▶ Exercise prompt
In your answer, transcribe all of the data exactly.

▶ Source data
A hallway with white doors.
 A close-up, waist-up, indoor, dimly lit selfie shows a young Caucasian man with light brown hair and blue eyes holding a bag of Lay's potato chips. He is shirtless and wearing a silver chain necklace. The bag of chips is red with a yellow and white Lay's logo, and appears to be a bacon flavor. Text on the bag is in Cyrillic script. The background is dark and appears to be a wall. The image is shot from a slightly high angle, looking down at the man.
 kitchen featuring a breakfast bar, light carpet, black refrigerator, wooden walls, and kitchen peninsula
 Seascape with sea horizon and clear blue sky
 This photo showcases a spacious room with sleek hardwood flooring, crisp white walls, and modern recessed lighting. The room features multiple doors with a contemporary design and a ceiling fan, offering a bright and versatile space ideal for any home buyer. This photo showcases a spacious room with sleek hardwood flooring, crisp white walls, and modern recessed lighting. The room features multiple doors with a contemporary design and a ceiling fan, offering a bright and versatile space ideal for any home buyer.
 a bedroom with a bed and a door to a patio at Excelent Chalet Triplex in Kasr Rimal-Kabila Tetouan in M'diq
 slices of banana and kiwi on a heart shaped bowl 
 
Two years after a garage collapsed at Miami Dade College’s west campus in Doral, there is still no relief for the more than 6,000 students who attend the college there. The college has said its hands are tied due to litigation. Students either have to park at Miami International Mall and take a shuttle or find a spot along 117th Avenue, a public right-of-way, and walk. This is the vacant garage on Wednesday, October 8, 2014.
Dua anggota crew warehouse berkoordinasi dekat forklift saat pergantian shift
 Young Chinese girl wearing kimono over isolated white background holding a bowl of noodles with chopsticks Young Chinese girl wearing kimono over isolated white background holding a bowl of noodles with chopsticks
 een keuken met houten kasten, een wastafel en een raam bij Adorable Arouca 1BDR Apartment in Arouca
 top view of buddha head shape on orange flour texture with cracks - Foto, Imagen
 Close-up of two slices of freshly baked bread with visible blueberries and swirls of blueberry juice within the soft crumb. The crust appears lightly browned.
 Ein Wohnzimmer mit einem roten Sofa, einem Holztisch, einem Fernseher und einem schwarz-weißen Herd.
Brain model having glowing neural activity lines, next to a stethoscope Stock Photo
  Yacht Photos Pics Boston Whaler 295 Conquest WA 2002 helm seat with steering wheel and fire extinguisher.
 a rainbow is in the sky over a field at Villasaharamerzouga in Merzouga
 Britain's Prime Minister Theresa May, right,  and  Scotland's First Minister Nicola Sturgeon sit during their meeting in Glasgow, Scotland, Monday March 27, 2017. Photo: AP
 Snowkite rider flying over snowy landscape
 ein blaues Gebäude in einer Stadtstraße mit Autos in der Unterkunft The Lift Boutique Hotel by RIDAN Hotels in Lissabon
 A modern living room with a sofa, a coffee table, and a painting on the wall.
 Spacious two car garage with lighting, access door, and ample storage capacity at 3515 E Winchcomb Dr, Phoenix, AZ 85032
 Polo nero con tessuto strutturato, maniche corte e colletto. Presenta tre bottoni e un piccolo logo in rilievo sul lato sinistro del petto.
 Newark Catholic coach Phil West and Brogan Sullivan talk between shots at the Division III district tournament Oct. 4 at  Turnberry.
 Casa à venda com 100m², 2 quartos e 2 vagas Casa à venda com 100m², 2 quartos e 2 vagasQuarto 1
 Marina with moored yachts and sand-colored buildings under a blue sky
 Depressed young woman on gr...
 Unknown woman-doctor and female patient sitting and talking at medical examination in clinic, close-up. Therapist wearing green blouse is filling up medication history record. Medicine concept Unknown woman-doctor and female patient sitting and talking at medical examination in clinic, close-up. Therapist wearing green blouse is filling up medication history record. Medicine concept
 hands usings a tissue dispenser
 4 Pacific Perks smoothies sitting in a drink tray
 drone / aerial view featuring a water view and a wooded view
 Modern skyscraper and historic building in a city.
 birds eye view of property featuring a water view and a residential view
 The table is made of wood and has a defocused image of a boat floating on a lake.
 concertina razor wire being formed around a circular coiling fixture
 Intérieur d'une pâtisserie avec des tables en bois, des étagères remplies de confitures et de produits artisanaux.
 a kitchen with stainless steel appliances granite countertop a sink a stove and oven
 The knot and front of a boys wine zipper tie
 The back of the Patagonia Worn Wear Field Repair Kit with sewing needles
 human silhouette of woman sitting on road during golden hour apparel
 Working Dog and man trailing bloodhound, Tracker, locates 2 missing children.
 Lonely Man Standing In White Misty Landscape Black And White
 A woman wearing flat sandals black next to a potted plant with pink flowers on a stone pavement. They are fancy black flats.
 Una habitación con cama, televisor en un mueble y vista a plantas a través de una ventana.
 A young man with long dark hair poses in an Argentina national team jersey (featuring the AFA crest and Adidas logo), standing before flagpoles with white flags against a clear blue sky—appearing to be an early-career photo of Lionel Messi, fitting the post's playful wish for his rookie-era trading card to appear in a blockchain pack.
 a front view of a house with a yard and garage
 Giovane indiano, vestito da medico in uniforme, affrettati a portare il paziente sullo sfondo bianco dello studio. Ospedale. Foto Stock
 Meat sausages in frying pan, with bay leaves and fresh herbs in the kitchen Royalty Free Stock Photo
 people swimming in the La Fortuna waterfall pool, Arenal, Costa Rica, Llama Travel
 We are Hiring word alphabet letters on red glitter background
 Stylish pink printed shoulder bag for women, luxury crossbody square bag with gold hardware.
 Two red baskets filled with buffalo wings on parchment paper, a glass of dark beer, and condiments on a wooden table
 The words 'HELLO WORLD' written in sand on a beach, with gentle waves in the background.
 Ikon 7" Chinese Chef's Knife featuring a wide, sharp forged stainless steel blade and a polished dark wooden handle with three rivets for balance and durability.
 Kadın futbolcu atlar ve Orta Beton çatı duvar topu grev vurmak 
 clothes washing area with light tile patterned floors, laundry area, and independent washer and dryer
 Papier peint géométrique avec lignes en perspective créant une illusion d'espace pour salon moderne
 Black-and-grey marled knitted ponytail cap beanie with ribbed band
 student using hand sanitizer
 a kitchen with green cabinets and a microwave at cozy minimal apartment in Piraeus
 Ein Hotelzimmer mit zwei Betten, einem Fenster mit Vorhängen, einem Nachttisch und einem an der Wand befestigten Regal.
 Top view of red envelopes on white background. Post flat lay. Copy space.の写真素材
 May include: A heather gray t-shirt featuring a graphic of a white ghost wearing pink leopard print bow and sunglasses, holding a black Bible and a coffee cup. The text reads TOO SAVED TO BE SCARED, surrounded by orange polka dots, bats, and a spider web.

▶ Task solution
A hallway with white doors.
 A close-up, waist-up, indoor, dimly lit selfie shows a young Caucasian man with light brown hair and blue eyes holding a bag of Lay's potato chips. He is shirtless and wearing a silver chain necklace. The bag of chips is red with a yellow and white Lay's logo, and appears to be a bacon flavor. Text on the bag is in Cyrillic script. The background is dark and appears to be a wall. The image is shot from a slightly high angle, looking down at the man.
 kitchen featuring a breakfast bar, light carpet, black refrigerator, wooden walls, and kitchen peninsula
 Seascape with sea horizon and clear blue sky
 This photo showcases a spacious room with sleek hardwood flooring, crisp white walls, and modern recessed lighting. The room features multiple doors with a contemporary design and a ceiling fan, offering a bright and versatile space ideal for any home buyer. This photo showcases a spacious room with sleek hardwood flooring, crisp white walls, and modern recessed lighting. The room features multiple doors with a contemporary design and a ceiling fan, offering a bright and versatile space ideal for any home buyer.
 a bedroom with a bed and a door to a patio at Excelent Chalet Triplex in Kasr Rimal-Kabila Tetouan in M'diq
 slices of banana and kiwi on a heart shaped bowl 
 
Two years after a garage collapsed at Miami Dade College’s west campus in Doral, there is still no relief for the more than 6,000 students who attend the college there. The college has said its hands are tied due to litigation. Students either have to park at Miami International Mall and take a shuttle or find a spot along 117th Avenue, a public right-of-way, and walk. This is the vacant garage on Wednesday, October 8, 2014.
Dua anggota crew warehouse berkoordinasi dekat forklift saat pergantian shift
 Young Chinese girl wearing kimono over isolated white background holding a bowl of noodles with chopsticks Young Chinese girl wearing kimono over isolated white background holding a bowl of noodles with chopsticks
 een keuken met houten kasten, een wastafel en een raam bij Adorable Arouca 1BDR Apartment in Arouca
 top view of buddha head shape on orange flour texture with cracks - Foto, Imagen
 Close-up of two slices of freshly baked bread with visible blueberries and swirls of blueberry juice within the soft crumb. The crust appears lightly browned.
 Ein Wohnzimmer mit einem roten Sofa, einem Holztisch, einem Fernseher und einem schwarz-weißen Herd.
Brain model having glowing neural activity lines, next to a stethoscope Stock Photo
  Yacht Photos Pics Boston Whaler 295 Conquest WA 2002 helm seat with steering wheel and fire extinguisher.
 a rainbow is in the sky over a field at Villasaharamerzouga in Merzouga
 Britain's Prime Minister Theresa May, right,  and  Scotland's First Minister Nicola Sturgeon sit during their meeting in Glasgow, Scotland, Monday March 27, 2017. Photo: AP
 Snowkite rider flying over snowy landscape
 ein blaues Gebäude in einer Stadtstraße mit Autos in der Unterkunft The Lift Boutique Hotel by RIDAN Hotels in Lissabon
 A modern living room with a sofa, a coffee table, and a painting on the wall.
 Spacious two car garage with lighting, access door, and ample storage capacity at 3515 E Winchcomb Dr, Phoenix, AZ 85032
 Polo nero con tessuto strutturato, maniche corte e colletto. Presenta tre bottoni e un piccolo logo in rilievo sul lato sinistro del petto.
 Newark Catholic coach Phil West and Brogan Sullivan talk between shots at the Division III district tournament Oct. 4 at  Turnberry.
 Casa à venda com 100m², 2 quartos e 2 vagas Casa à venda com 100m², 2 quartos e 2 vagasQuarto 1
 Marina with moored yachts and sand-colored buildings under a blue sky
 Depressed young woman on gr...
 Unknown woman-doctor and female patient sitting and talking at medical examination in clinic, close-up. Therapist wearing green blouse is filling up medication history record. Medicine concept Unknown woman-doctor and female patient sitting and talking at medical examination in clinic, close-up. Therapist wearing green blouse is filling up medication history record. Medicine concept
 hands usings a tissue dispenser
 4 Pacific Perks smoothies sitting in a drink tray
 drone / aerial view featuring a water view and a wooded view
 Modern skyscraper and historic building in a city.
 birds eye view of property featuring a water view and a residential view
 The table is made of wood and has a defocused image of a boat floating on a lake.
 concertina razor wire being formed around a circular coiling fixture
 Intérieur d'une pâtisserie avec des tables en bois, des étagères remplies de confitures et de produits artisanaux.
 a kitchen with stainless steel appliances granite countertop a sink a stove and oven
 The knot and front of a boys wine zipper tie
 The back of the Patagonia Worn Wear Field Repair Kit with sewing needles
 human silhouette of woman sitting on road during golden hour apparel
 Working Dog and man trailing bloodhound, Tracker, locates 2 missing children.
 Lonely Man Standing In White Misty Landscape Black And White
 A woman wearing flat sandals black next to a potted plant with pink flowers on a stone pavement. They are fancy black flats.
 Una habitación con cama, televisor en un mueble y vista a plantas a través de una ventana.
 A young man with long dark hair poses in an Argentina national team jersey (featuring the AFA crest and Adidas logo), standing before flagpoles with white flags against a clear blue sky—appearing to be an early-career photo of Lionel Messi, fitting the post's playful wish for his rookie-era trading card to appear in a blockchain pack.
 a front view of a house with a yard and garage
 Giovane indiano, vestito da medico in uniforme, affrettati a portare il paziente sullo sfondo bianco dello studio. Ospedale. Foto Stock
 Meat sausages in frying pan, with bay leaves and fresh herbs in the kitchen Royalty Free Stock Photo
 people swimming in the La Fortuna waterfall pool, Arenal, Costa Rica, Llama Travel
 We are Hiring word alphabet letters on red glitter background
 Stylish pink printed shoulder bag for women, luxury crossbody square bag with gold hardware.
 Two red baskets filled with buffalo wings on parchment paper, a glass of dark beer, and condiments on a wooden table
 The words 'HELLO WORLD' written in sand on a beach, with gentle waves in the background.
 Ikon 7" Chinese Chef's Knife featuring a wide, sharp forged stainless steel blade and a polished dark wooden handle with three rivets for balance and durability.
 Kadın futbolcu atlar ve Orta Beton çatı duvar topu grev vurmak 
 clothes washing area with light tile patterned floors, laundry area, and independent washer and dryer
 Papier peint géométrique avec lignes en perspective créant une illusion d'espace pour salon moderne
 Black-and-grey marled knitted ponytail cap beanie with ribbed band
 student using hand sanitizer
 a kitchen with green cabinets and a microwave at cozy minimal apartment in Piraeus
 Ein Hotelzimmer mit zwei Betten, einem Fenster mit Vorhängen, einem Nachttisch und einem an der Wand befestigten Regal.
 Top view of red envelopes on white background. Post flat lay. Copy space.の写真素材
 May include: A heather gray t-shirt featuring a graphic of a white ghost wearing pink leopard print bow and sunglasses, holding a black Bible and a coffee cup. The text reads TOO SAVED TO BE SCARED, surrounded by orange polka dots, bats, and a spider web.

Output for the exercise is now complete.